Walking gait is a heel-to-toe affair that should incorporate the entire body. A stiffened spine should resist trunk motion while the arms and legs transfer force into the ground. So, the “core” must be strong enough to tie together Dr. Mark’s “four knots”. Or, Geoff and Tim’s “X” must be tight and resilient. The opposite arms and legs must work together during contralateral locomotion by transferring their respective forces through the trunk. Rucking can develop spinal integrity and core resilience like no other activity.
Stand up tall, take short but frequent strides, and drive your arms hard. The description from top to bottom: keep your head up with your eyes looking out 10-15 feet in front of you, using your peripheral vision to navigate the ground directly below your feet. Do not walk with your head down. You may need to drop your head periodically to negotiate obstacles (don’t step “on” smaller items in your path–step around them), but always seek good cervical spine alignment.
“Anti-shrug” your shoulders under the straps of the pack. Don’t pull them down hard, but do keep them down and back. The straps of the pack provide a traction-like effect on the muscles of your upper body, as they “press down” on your shoulder girdle. Use the long duration of the walk under this effect as a tool to open up your chest and increase thoracic spine mobility. Continually check yourself for shrugging or rounding your shoulders forward, and reset them as you go. The postural improvement you can gain here can be phenomenal, if you stay aware of your positioning while you walk.
Keep your midline (the space on your abdomen between your sternum and pubic bone) neutral, that is to say, slightly “hollowed”. Practice this by standing up, and “crunching”, as in the exercise–close your midline. This is trunk flexion. Now do the opposite: open your midline. This is trunk extension. Staying a bit hollow is to keep your midline slightly closed. Practice this often. Think of a crisp and sharp kettlebell swing. The desired position while walking is similar to the plank position at the top of the swing. Keep your hips open and extended. Only a very heavy load on your back should cause some hip flexion, but this should be minimized. Your center of gravity shifts rearward as a function of the weight in your pack. Try to offset this shift by leaning forward at your ankles, and less than your hips:
Bipedal walking, as in human locomotion, resembles an upside-down pendulum. Find this balance between almost falling over forward and backwards with the different center of gravity that the load creates, and offset it at the ankles through your stride. You will step out to the front less with a heavier pack and more with a lighter one, but this difference will be within a small margin. With practice and attention to this, you will get this balance right, and minimize hip flexion. As I like to say, “Walk on your glutes”. Keep these muscles clenched and feel them drive your legs back. This very important part of locomotion will help to keep your hips open and balanced. Your knees should naturally get into the correct angle: greater going up hill, and less going downhill. While you can just about let your knees do what they do naturally, your feet are a different story …

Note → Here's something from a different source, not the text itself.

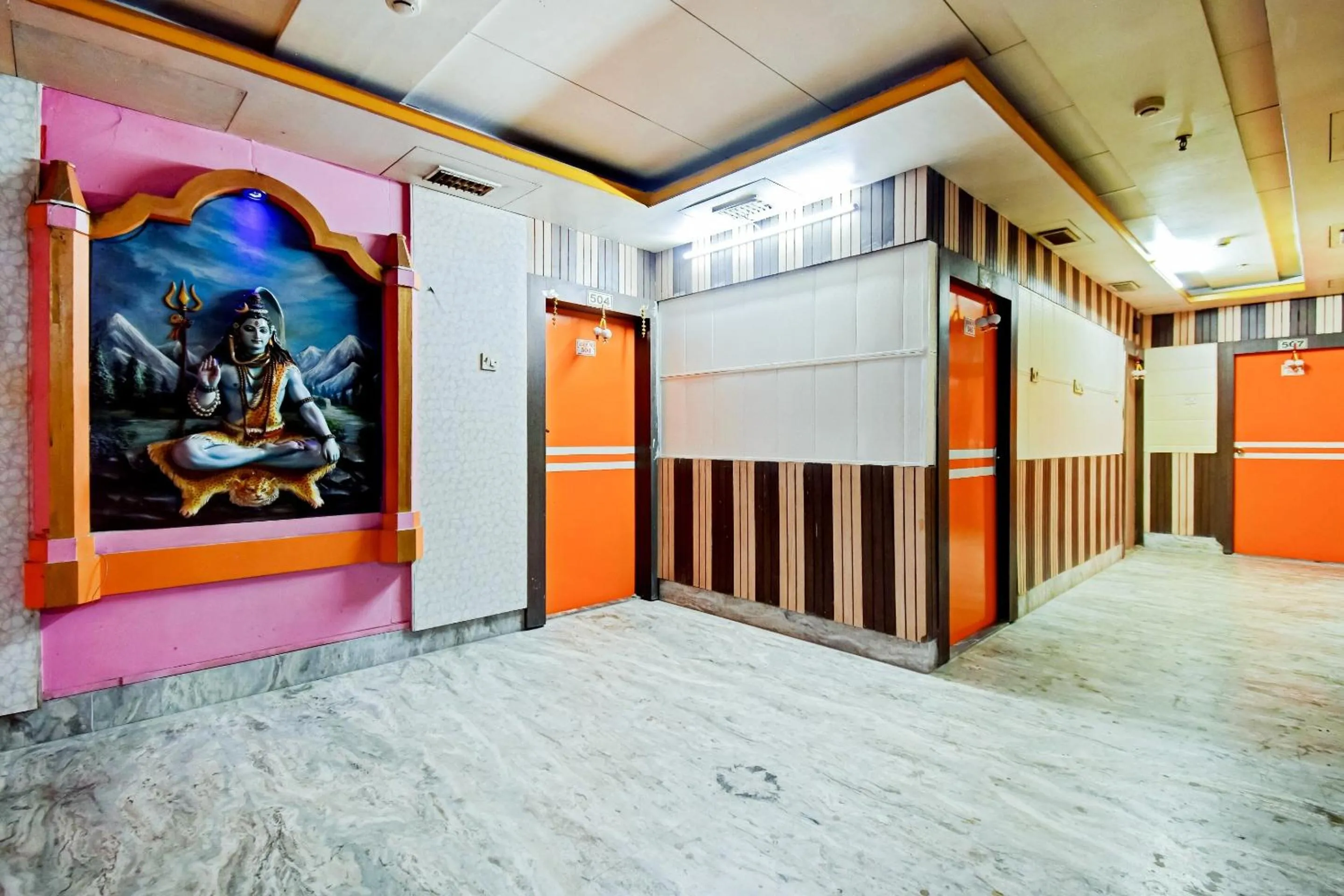 Lobby or reception in Hotel O Shree Krishna International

You need to really concentrate on what your feet are doing. Your stride should be short, landing on the heel or heel/midfoot. As your leg accelerates through the stride, actively push off the ground through your great toe. Your legs are close to extension while walking, so focus on using them as long levers, “swinging” the ankles about the hips. The glutes (and hamstrings) are to the rear of the leg driving it back, and the hip-flexors are to the front, swinging them forward. If you can’t feel this action during your walk, try my two-hand overspeed swings, focusing on the tug-of-war between the opposing body lines, posterior v. anterior:
The concert of your glutes, hamstrings, and quads forcefully catapult the bell forward, then the lats, abdominals, and hip flexors catch it and throw it back into the hinge. This is a similar action to what you should be feel as you walk, though with one leg at a time. Proprioceptively, you should feel your elbow and humerus on one side of your body connected to your knee and femur on the other as you walk. The limbs on opposite sides move together: the momentum of the same side arm counters the motion of the same side leg; and the force of the opposite side arm both pulls the leg forward, and drives it backward by it’s action through the “X”. It may take some time to develop this feeling–do some more crawling.

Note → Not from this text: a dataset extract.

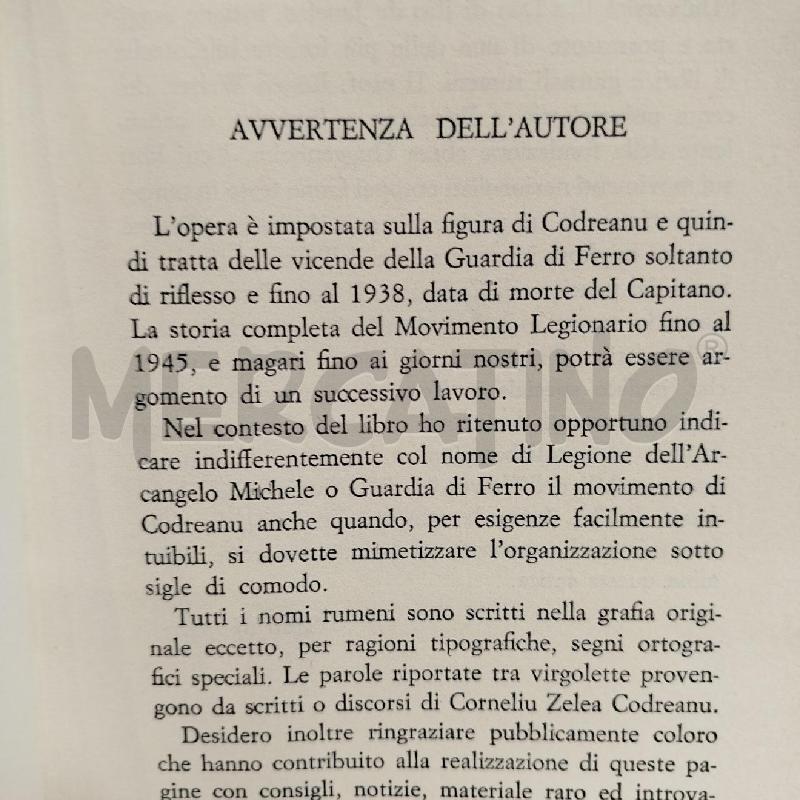 CARLO SBURLATI CODREANU IL CAPITANO EDIZIONI VOLPE 1970  | Mercatino dell'Usato Roma re di roma 5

To summarize the technique, keep your head up, shoulders down and back, midline hollowed, hips open, and walk on your glutes while deliberately swinging your arms. This takes practice to master … so, practice while you’re walking around during the day as well. This description of rucking technique is in stark contrast to what I first learned: “Put your head down and stay with me”, Sgt. Bo demanded of me on my first team ruckmarch. Learn from my mistakes …

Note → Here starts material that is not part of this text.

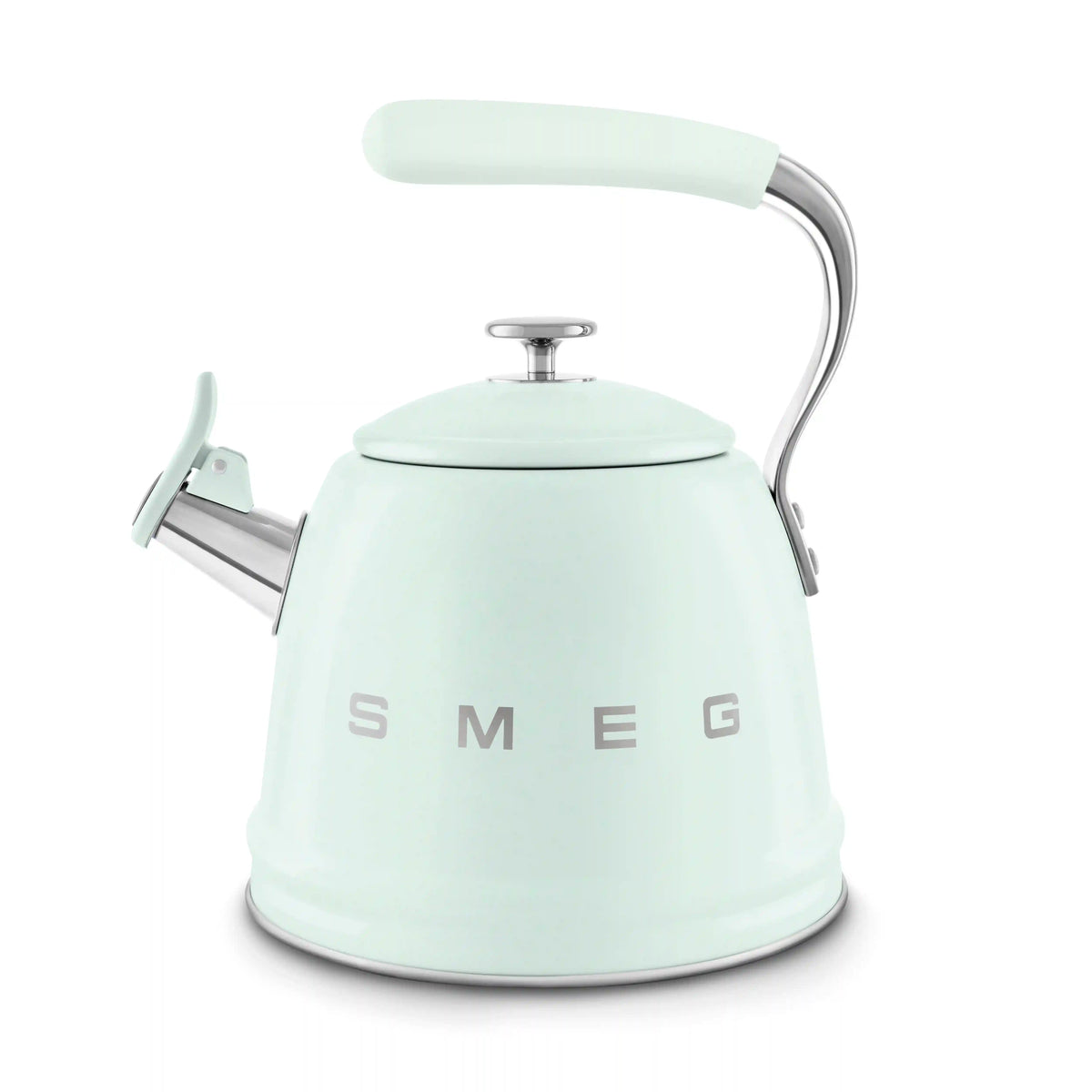 Whistling Kettle (10 Cup) - Retro-Style Pastel Green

View the ruckmarch not as a task to be finished, like a more conventional fitness goal, but as postural and locomotion practice. Feel the posture of your body and its movements and it will make you a stronger walker. Through this practice of high-quality walking, you will complete your distance goals. Build up to a very brisk walk, but do not run.
You will likely experience some stiffness in your upper body during your walk with a loaded pack. From time to time during your walk, do this drill: continue to drive the legs through your midsection as you interlace your fingers in front of your upper chest. Then, raise your elbows to the sky while your interlaced fingers remain in front of your upper chest. Then, force your hands overhead, fingers still interlaced. Rotate your shoulders around–protract and retract your scapulae–with your fingers still interlaced. Then, release your hands, and slowly lower your arms until they point out to the sides, like a cross. Rotate your shoulders some more: like pouring a pitcher of water forward and backward. Then, make larger arm circles before re-cinching your pack’s straps and anti-shrugging your shoulders back down into normal arm carriage. Seek to keep your midline a bit hollow the whole time, and don’t chicken neck during this drill. This periodic flexing and rotating is great for shoulder health and mobility, and will help to open the chest and thoracic spine.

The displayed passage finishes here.